Question

Correct relation among \[{X_A},{X_B}~and~\Delta \], where \[{X_A}~and~{X_B}\] are the electronegativities of element A and B
(A) \[{X_A} + {X_B} = 0.208\sqrt \Delta \]
(B) \[\sqrt {{X_A} + {X_B}} = 0.208 \times \Delta \]
(C) \[{X_A} - {X_B} = 0.208\sqrt \Delta \]
(D) \[{X_A} + {X_B} = \sqrt {0.208 \times \Delta } \]

Answer 1

Hint: In order to determine the relation among these three \[{X_A},{X_B}~and~\Delta \], we should be knowing about Pauling’s scale. Pauling’s scale is used to determine the relation between the bond energies of the atoms and their electronegativities.

Complete Solution :
Before moving to the relation between \[{X_A},{X_B}~and~\Delta \], we must know what electronegativity is. Electronegativity is the measure of tendency of a gaseous atom to attract the bonded pair of electrons towards itself. Earlier there was no unit of measurement for electronegativity. Later, Pauling was the one who came up with a scale for electronegativity. This scale is called Pauling’s scale. This scale will compare the electronegativity of various elements and rank them with respect to each other.
- Pauling’s scale was based on the relation between the electronegativities of the bonded atom and the energy of those bonds.

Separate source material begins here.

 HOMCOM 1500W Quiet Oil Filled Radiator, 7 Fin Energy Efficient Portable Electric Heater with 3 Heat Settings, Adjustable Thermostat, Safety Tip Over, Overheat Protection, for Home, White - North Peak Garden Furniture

Let us consider two dissimilar atoms A and B, these are having a bond A-B between them. We can represent the bond energies of A-A, B-B and A-B as \[{{\text{E}}_{{\text{A - A}}}}{\text{,}}{{\text{E}}_{{\text{B - B}}}}{\text{ and }}{{\text{E}}_{{\text{A - B}}}}\] respectively.
It has been found that bond dissociation energies of A-B were found to be higher than the geometric mean of bond dissociation energies of A-A and B-B.
\[{\text{ }}{{\text{E}}_{{\text{A - B}}}} > \sqrt {{{\text{E}}_{{\text{A - A}}}} \times {{\text{E}}_{{\text{B - B}}}}} \]

- The difference between these two were given in
i.e. \[{\text{ }}\Delta {\text{ }} = {{\text{E}}_{{\text{A - B}}}} - \sqrt {{{\text{E}}_{{\text{A - A}}}} \times {{\text{E}}_{{\text{B - B}}}}} \]

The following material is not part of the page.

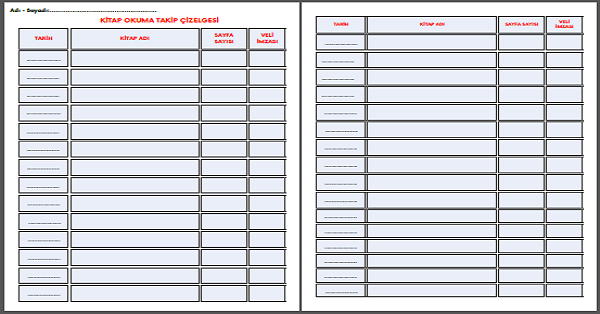 Kitap Okuma Takip Çizelgesi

The difference in bond energies is related to the difference in the electronegativities of A and B
\[\Delta {\text{ }} = {{\text{E}}_{{\text{A - B}}}} - \sqrt {{{\text{E}}_{{\text{A - A}}}} \times {{\text{E}}_{{\text{B - B}}}}} = {({X_A} - {X_B})^2}\]
Therefore,
\[{\text{ 0}}{\text{.208}}\sqrt \Delta = {X_A} - {X_B}\]
The value 0.208 came as we converted Kcals to electron volt.

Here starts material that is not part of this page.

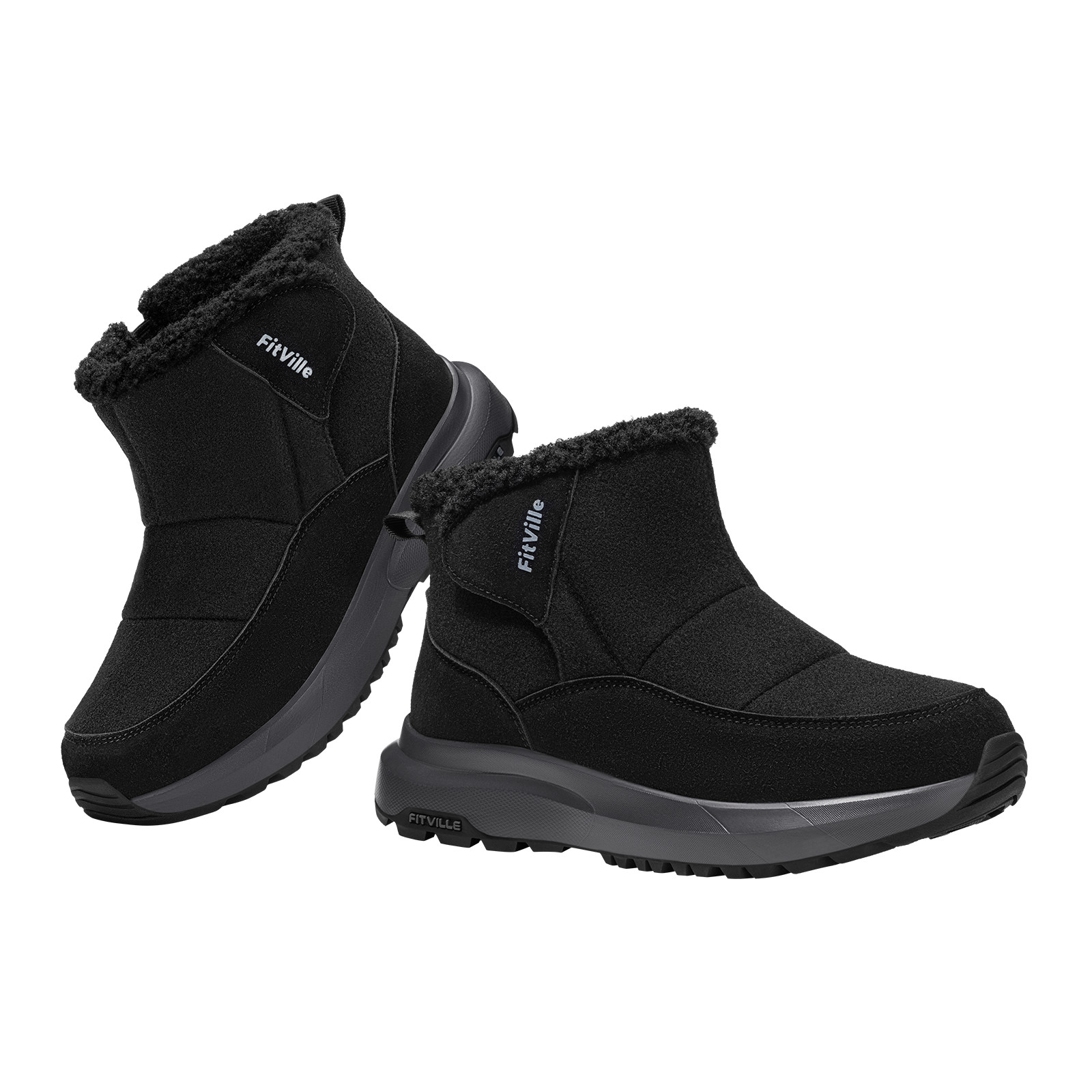 FitVille Women's Wide Diabetic Winter Snow Boots Fur Lined Warm Ankle Boots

Therefore, relation among \[{X_A}, {X_B}~ and~ \Delta \] are given as
\[{\text{ 0}}{\text{.208}}\sqrt \Delta = {X_A} - {X_B}\]
So, the correct answer is “Option C”.

Additional Information.
- Pauling’s scale and Mulliken’s scale are the measure of electron attraction power in an atom.
- The Mulliken scale tells us the arithmetic mean of first ionization energy and electron affinity should be the measure of the tendency of an atom to attract electrons, i.e. the electronegativity.
\[{X_m} = \dfrac{{I.{E_V} + E.{A_V}}}{2}\]

Note: Other methods of calculation of the electronegativities are:
- Sanderson electronegativity equalization
- Mulliken’s electronegativity
- Allen electronegativity
- Allred-Rochow electronegativity